Trips like the one she made one day last week are a feature of life on the reservation, where thousands of the roughly 170,000 people who live there do not have running water.

Help-Hood with her horse in Tohlakai, N.M.  (Sharon Chischilly for NBC News)

“It’s just something that has to be done,” Help-Hood said. “It’s just part of life. It’s how we are dealing with our water situation.”

As part of the tribe’s efforts to assert control over its long-term future, it filed a long-shot lawsuit in 2003 arguing that the U.S. government has a duty to assess the nation’s water needs and ensure it has enough. After lengthy litigation, that case is now before the Supreme Court, which hears oral arguments on Monday.

For the tribe, the case is about more than what rivers it can draw water from — the Navajo say it's about ending nearly two centuries of injustice perpetuated by the federal government, which has failed to keep promises and left them to suffer on the arid lands where their ancestors settled.

In raising her five children, Help-Hood, who is a schoolteacher, said she cited the importance of the four elements of earth, wind, water and light in Navajo tradition.
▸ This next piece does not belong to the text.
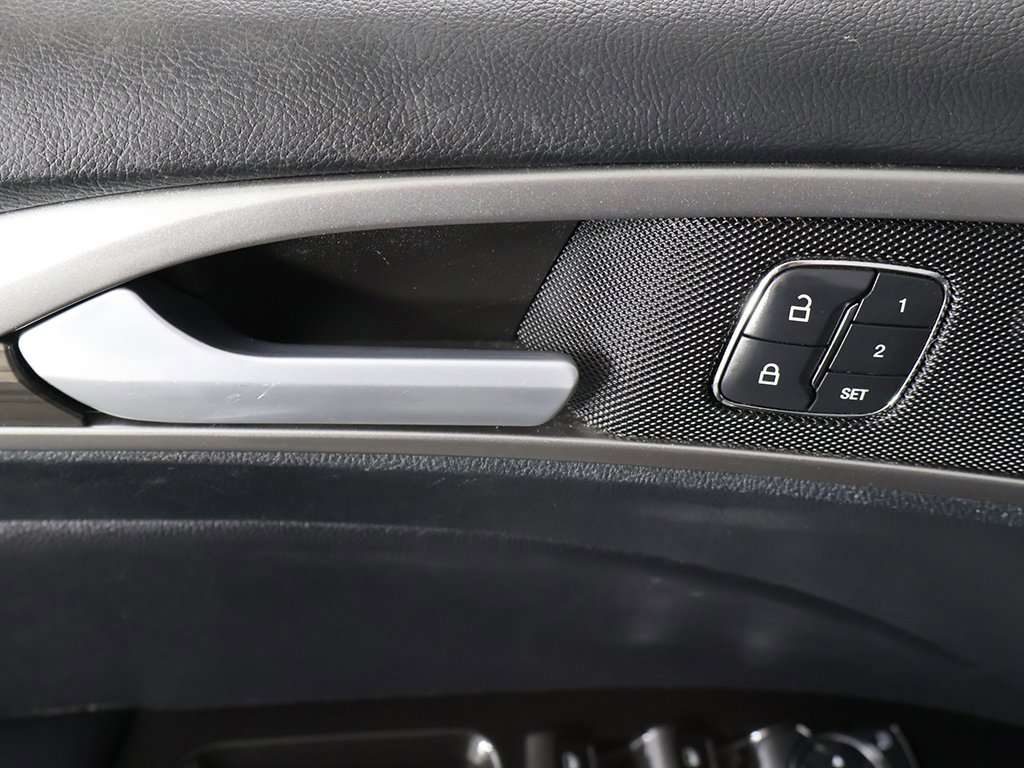 Used 2019 Ford Fusion SEL image 29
“I want my children to value water. Now they have grown, they know that water has to be appreciated,” she said.

The lack of water and the infrastructure needed to pipe it across the vast reaches of the more than 17 million acre reservation — larger than the state of West Virginia — which straddles parts of Arizona, New Mexico and Utah, remains one of the biggest challenges facing Navajo leaders.

After a bumpy 4-mile drive in the eastern reaches of the Navajo Nation reservation in New Mexico, Help-Hood arrives at her local well.  (Sharon Chischilly for NBC News)
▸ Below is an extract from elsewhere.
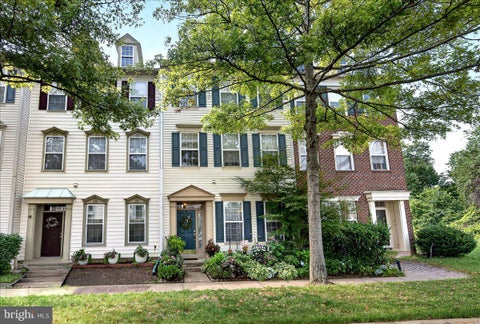 Townhouse For Sale - 26129 Nimbleton Square<br/> CHANTILLY, VA 20152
As Help-Hood and others see it, the tribe has been relegated to secondary status in the fight over water rights in the Southwest, where states have long fought for their own pieces of the pie through complex negotiations and litigation. The scramble for water is only becoming more intense, with a decades-long drought leading to depleted supplies in the major reservoirs in the Colorado River basin, with the growing threat of climate change looming in the future.

The Colorado River, which supplies water as far afield as Southern California as well as to the surrounding states, meanders directly along the reservation’s northwestern border on its 1,400 mile route from Colorado to Mexico. And yet, the tribe has no right to draw water from the Lower Colorado River, the section starting just south of the Glen Canyon Dam in northern Arizona that then runs through the Grand Canyon.

Glen Canyon Dam on March 14, 2023.  (Sharon Chischilly for NBC News)

For Crystal Tulley-Cordova, a hydrologist in the tribe’s department of water resources, water is essential to the tribe moving from “survival mode to thriving mode.”

On an exclusive tour last week of Navajo sites, Tulley-Cordova gave examples of the ways water permeates so many elements of tribal life. She cited a new housing project on the reservation in Rock Springs, New Mexico; the construction of a pipeline taking water from the San Juan River deeper into the Navajo territory; and the growing campus at Diné College, the tribe’s own institution of higher education.

“On water rights, it’s important to consider a permanent homeland. What is needed for that is resources. Not just for today’s Navajo but for future generations,” Tulley-Cordova said.

Crystal Tulley-Cordova (Sharon Chischilly for NBC News)

At another stop on the tour, about an hour north of Help-Hood’s home, the Litson family talked about its struggles in getting water for its cattle ranch spread out over a hillside dotted with sagebrush. Dorthea Litson, whose family has farmed there for generations, bemoaned a storm that had knocked out a windmill that powers a water well.

“It actually is a hard life,” she said. “A lot of people don’t realize how much goes into it.”

Dorthea Litson next to a broken windmill on March 14, 2023. (Sharon Chischilly for NBC News)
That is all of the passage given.